Start of Data below

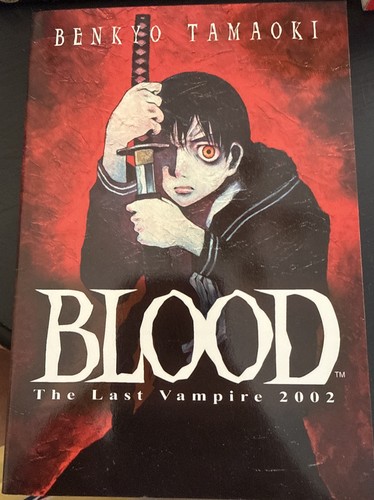 Blood the last vampire - blood,
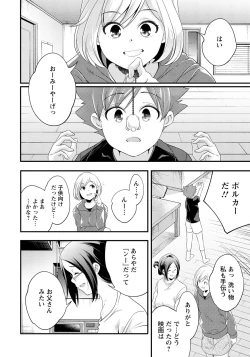 Page 286 of ANGEL Club 2021-05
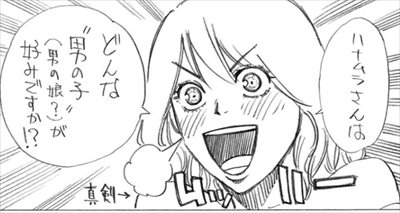 ハナムラ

End of Data below

__Your assignment__. Please write out all of the material above without changing a word, and omit any pictures.

__Answer to the exercise__.
 Blood the last vampire - blood,
 Page 286 of ANGEL Club 2021-05
 ハナムラ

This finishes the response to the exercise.